Состроив «пижону» рожицы, с хохотом сиганули с крыльца — играть в салки. Пусть позавидует им, ведь это так здорово, повизгивая, гоняться друг за дружкой по траве-мураве, с разбегу вскакивать на вросший в землю поваленный ствол кедра, лететь оттуда в душистый вейник и, путаясь в нем, выскакивать на звонкий, скрипучий, прокаленный солнцем настил дощатого тротуара…
Быстрей всех бегала длинноногая Томка-большая. Но Галка была поизворотливей. Она ловко выскальзывала из-под занесенных над ней ладоней, и громко радовалась удаче, и дразнилась остреньким язычком, приплясывая в сторонке как бесенок. Горяча и подбадривая ее, в низинке наперебой не квакали, а будто пилили по туго натянутой струне лягушки.

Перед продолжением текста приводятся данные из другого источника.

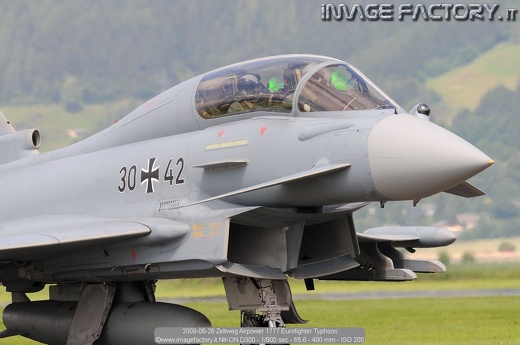 2009-06-26 Zeltweg Airpower 1777 Eurofighter Typhoon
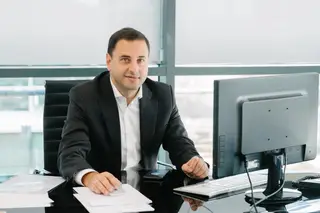 Raúl Guerrero Juanes - CEO de Gestilar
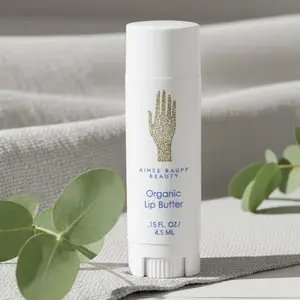 Organic Lip Butter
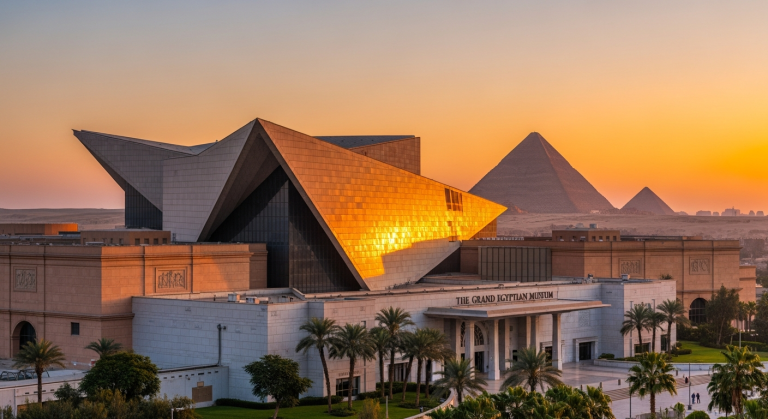 Egypt's Grand Museum Opens: A Testament to Ancient Civilization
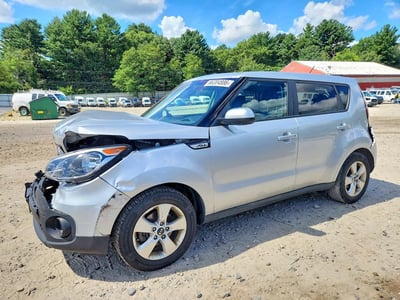 2019 Kia Soul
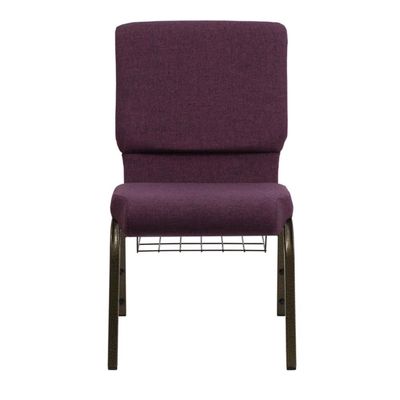 কেনা লোহা ইস্পাত interlocking Burgundy গির্জা চেয়ার অডিটোরিয়াম গির্জা আসবাবপত্র চেয়ার অনলাইনে উৎপাদন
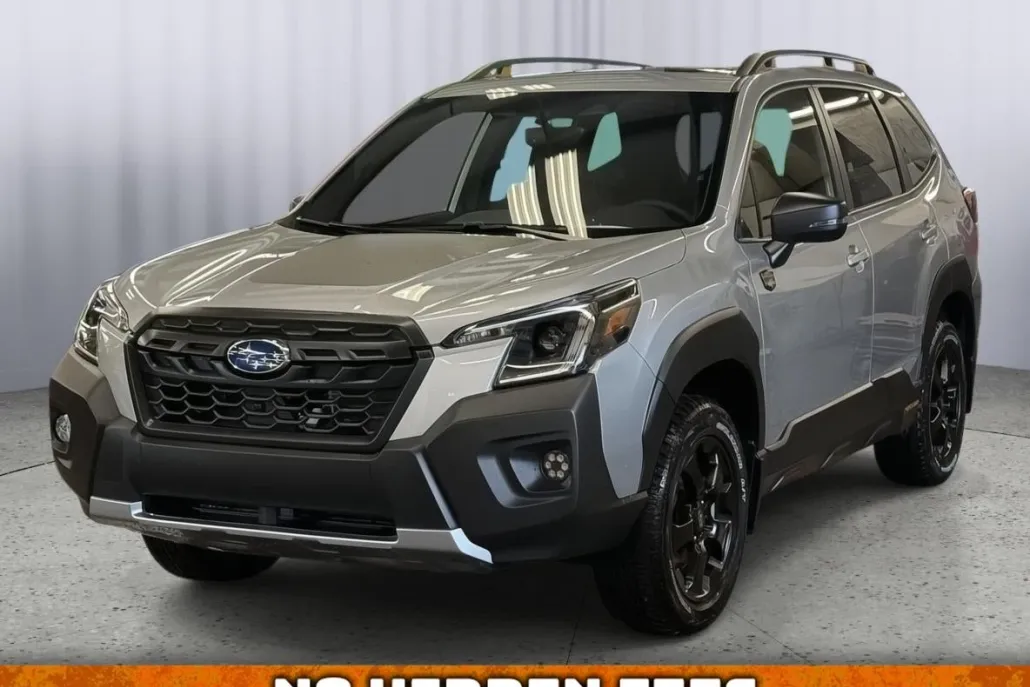 2025 Subaru Forester Wilderness photo 1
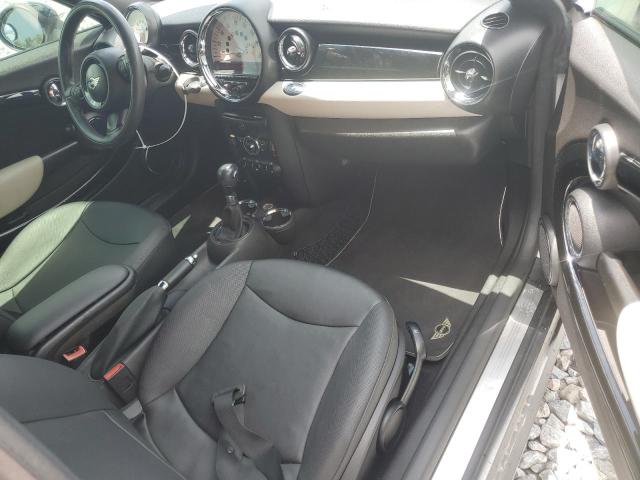  MINI COOPER 2012 Srebrny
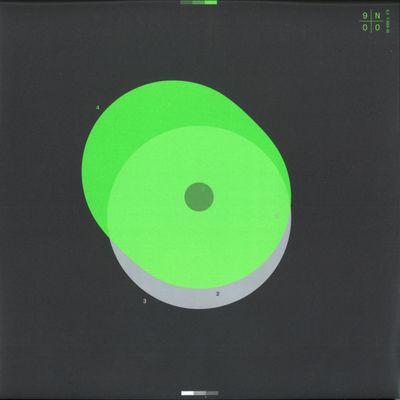 Enrico Sangiuliano — Interconnection EP vinyl cover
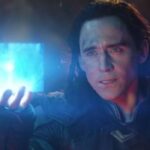Loki with the Tesseract (Image: Marvel)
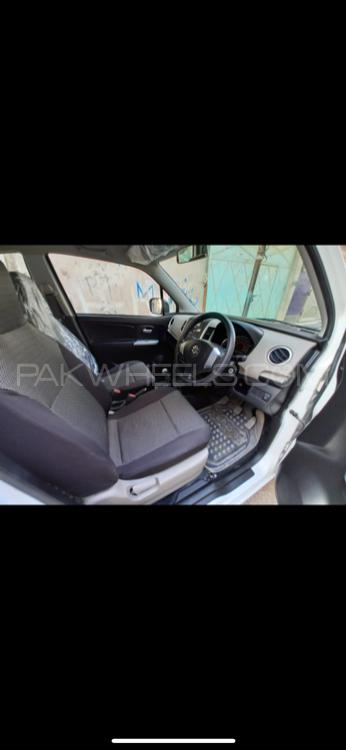 Suzuki Wagon R 2019 for Sale in Peshawar Suzuki Wagon R 2019 for Sale in Peshawar Image-4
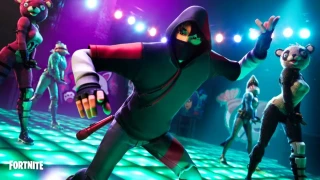 Fortnite : Soyez iKONIK avec le trailer du nouveau skin K-Pop exclusif au Samsung Galaxy S10+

Когда веселье угасло и Андрей всем нутром своим почувствовал, как вновь потерянно и беззащитно тусуется по ту сторону балкона неразлучная троица, ему впервые за сегодняшний день стало жалко не себя, а этих девчонок, которым некуда девать себя в такой осиянный светлым закатом вечер. Он и готов был отвести здесь душу с гитарой, но сторонился этого шумливого общества. За последнюю неделю уже дважды бренчал он на шестиструнной перед опустевшим бараком, под настроение, вроде бы для себя. И оба раза, как луговые опята после дождя, вырастали за спиной эти шептуньи. А сегодня и вовсе откровенно ожидают концерта с его участием. Концерта не будет.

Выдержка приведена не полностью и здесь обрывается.